— Exercise requirements —
Repeat the records exactly as given. Do not include the pictures.

*** Given entries Section Begins ***

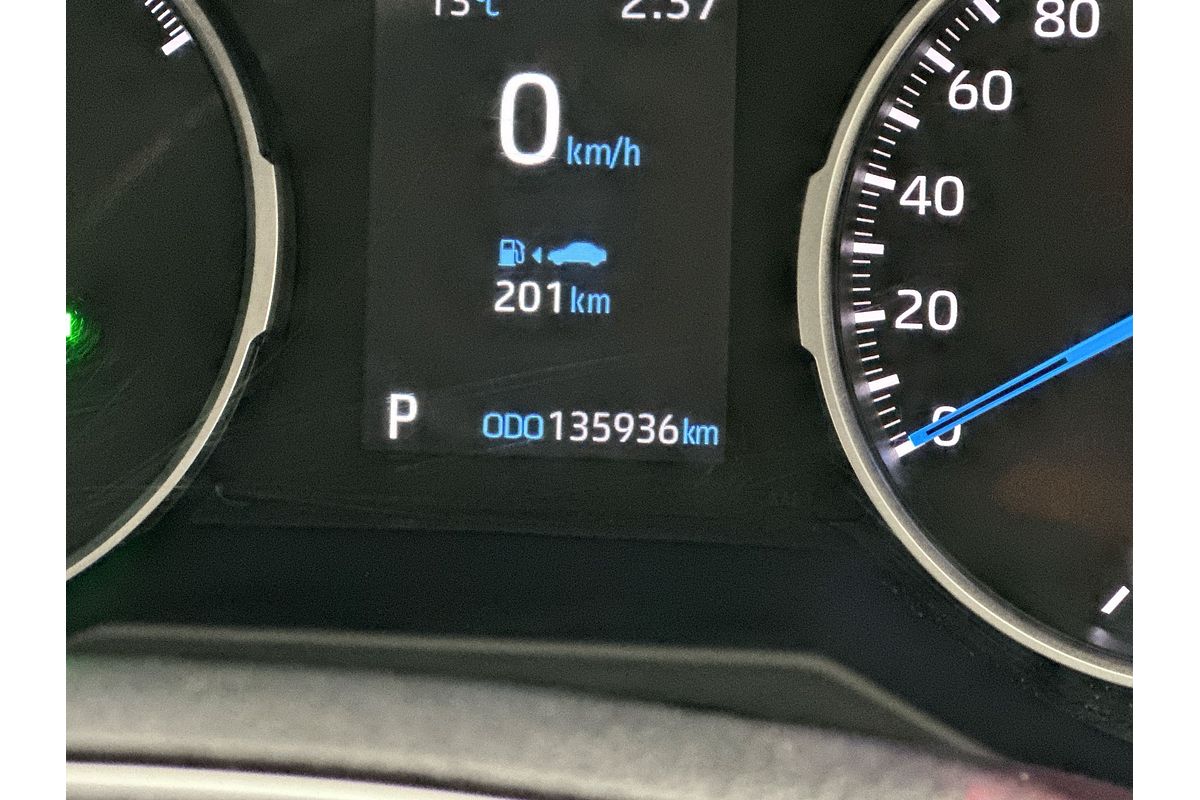 2021 Toyota RAV4 GXL AXAH54R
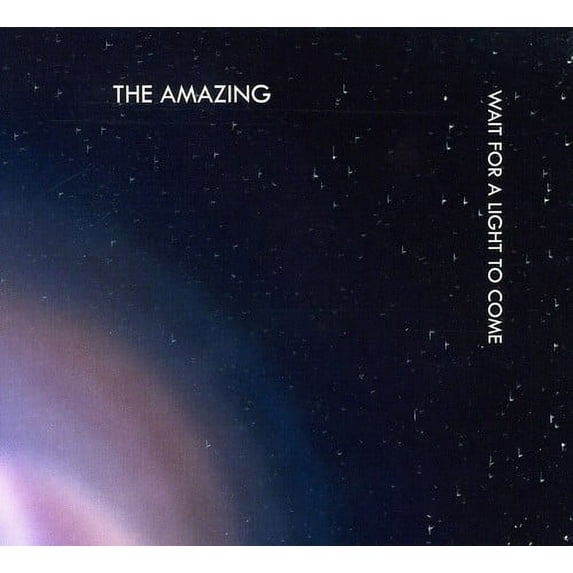 The Amazing - Wait for a Light to Come - Alternative - CD
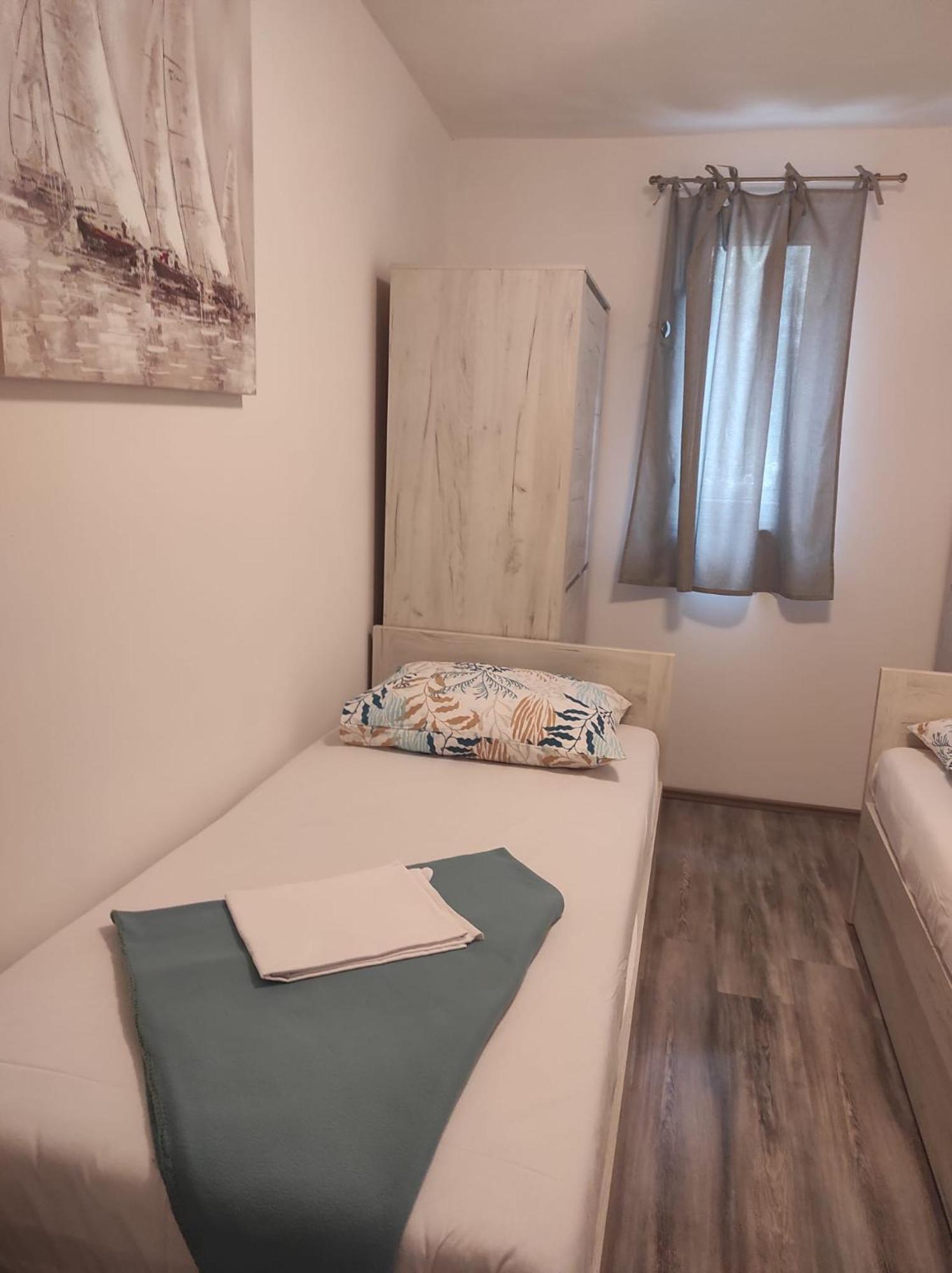 Apartman Koko With Private Jacuzzi Μακάρσκα Εξωτερικό φωτογραφία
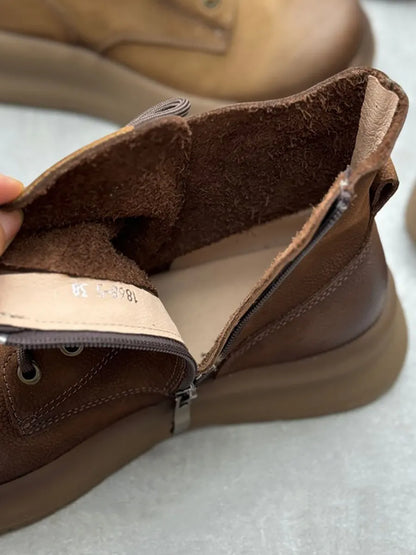 Thoughtfully Designed Boots in a Timeless Style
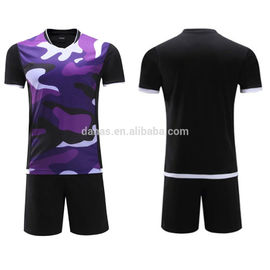 Danas Custom Sublimation Team Soccer Jersey 2017 New Design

*** Given entries Section Ends ***

— Task output —
 2021 Toyota RAV4 GXL AXAH54R
 The Amazing - Wait for a Light to Come - Alternative - CD
 Apartman Koko With Private Jacuzzi Μακάρσκα Εξωτερικό φωτογραφία
 Thoughtfully Designed Boots in a Timeless Style
 Danas Custom Sublimation Team Soccer Jersey 2017 New Design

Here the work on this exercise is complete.